Taktisch hat die Union den Spieß nun umgedreht. Offenbar plante ja die AfD, die CDU-Inhalte wortgleich zur Abstimmung zu stellen, um Merz vorzuführen. Jetzt steht plötzlich die AfD vor dem Dilemma: Soll sie für einen Antrag stimmen, in dem sie scharf kritisiert wird, oder gegen ihre teils deckungsgleichen Forderungen für eine Asylwende? Zumal Parteichefin Alice Weidel ja bereits eine Zustimmung schriftlich angeboten hatte, ehe sie den Text kannte.

Auch in anderen Parteien rumort es. Bayerns Freie Wähler sind komplett uneins über den Vorstoß der Union. Es sei richtig, Rot-Grün nun zum Schwur zu zwingen, sagte Landeschef Hubert Aiwanger, allmählich drohe eine „Verfassungskrise“. Der Fraktionsvorsitzende Florian Streibl hingegen sagte dem BR vor Bekanntwerden der genauen Texte: „Wenn die Union die Brandmauer gegen rechts eigenständig infrage stellt oder sogar einreißt, wäre dies der brutalstmögliche Sündenfall nach 1945. Gott schütze uns davor.“

In der Sache heißt das nun wohl: Die Anträge nächste Woche werden scheitern.
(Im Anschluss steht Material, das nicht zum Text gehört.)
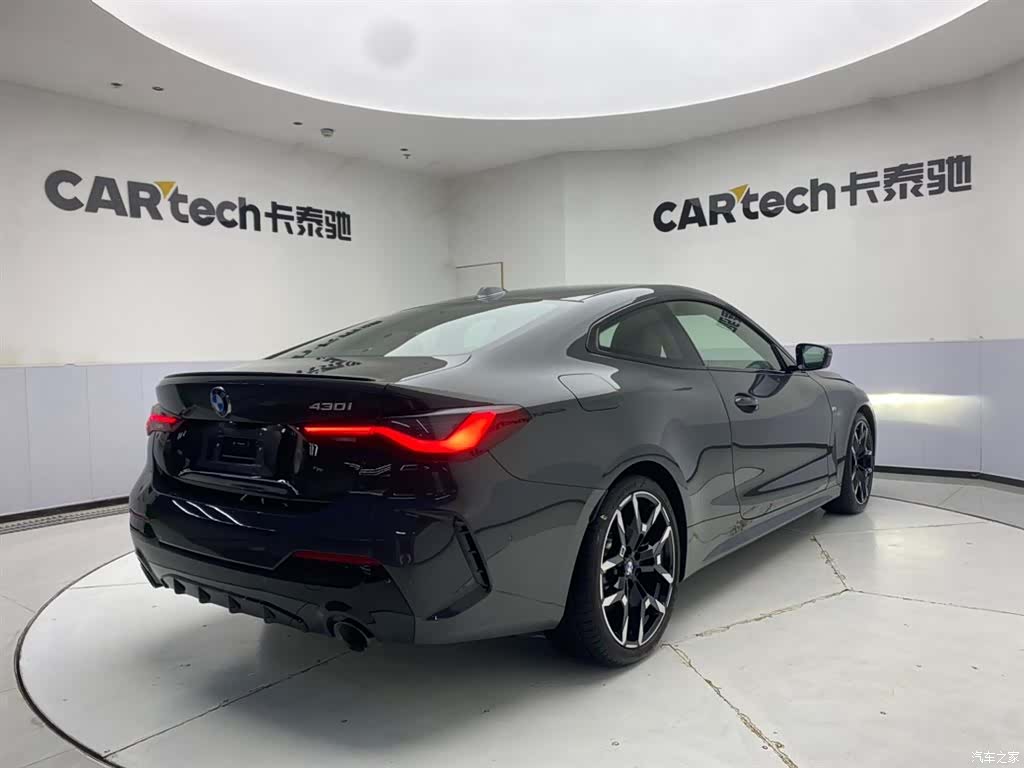 BMW 4 Series, 2026 все фото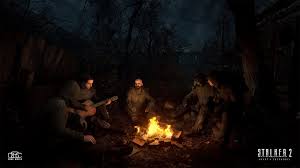 Developer gsc game world confirmed it's using unreal for the upcoming stalker sequel, and addressed epic games speculation bluntly. E5tlpgzud6p8rm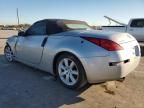 2005 Nissan 350Z Roadster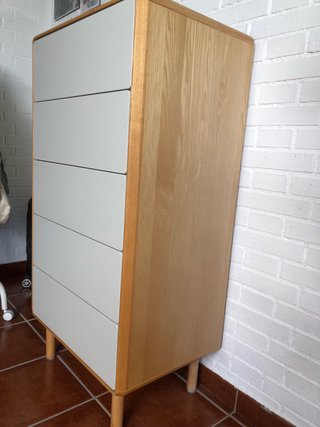 Cómoda Anielle Kave Home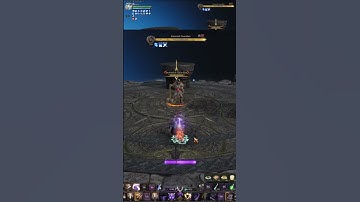 Throne and Liberty Bow/Dagger 3 sec Precise Moment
Bisher deutet nichts darauf hin, dass SPD und Grüne zu Korrekturen der Migrationspolitik bereit sind. Die Unions-Pläne seien mit Grundgesetz und europäischen Verträgen nicht vereinbar, behauptet Kanzler Olaf Scholz (SPD). Vizekanzler Robert Habeck (Grüne) hat für Merz ein vergiftetes Angebot: Er werde ihn nicht öffentlich mit „Häme“ übergießen, falls er seinen Vorschlag komplett zurücknehme.
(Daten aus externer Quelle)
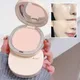 Transparent Pressed Powder Waterproof Lasting Oil Control Full Coverage Face Compact Setting Powder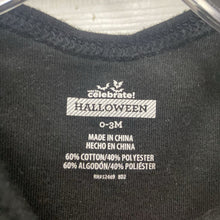 Load image into Gallery viewer, &quot;Mommy&#39;s...&quot; Halloween Onesie
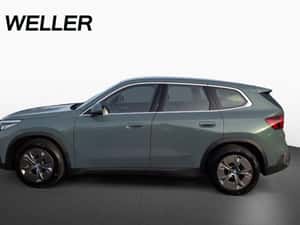 BMW iX1 SUV second-hand cu 11910 km — miniatura 7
Die Grünen sorgen auch für Aufsehen, weil sie sich einer Großdemonstration vor dem Brandenburger Tor anschlossen, wo ein „Lichtermeer“ gegen die CDU-Pläne, einen Rechtsruck insgesamt und die angebliche Kooperation mit der AfD geplant war. Die Parteichefs Felix Banaszak, Franziska Brantner und mehrere Regierungspolitiker veröffentlichten ein Selfie, lachend gemeinsam mit der Klimaaktivistin Luisa Neubauer. Sie hielt einen Pappkarton mit der Aufschrift „Sie haben Hass, wir haben Haltung“ in die Kamera.

Am Mittwoch könnte es nun im Bundestag spannend werden. Der genaue Plan für die Antragsdebatte steht noch nicht, doch Scholz hat eine Regierungserklärung zur Innenpolitik angesetzt, um aus der Defensive zu kommen.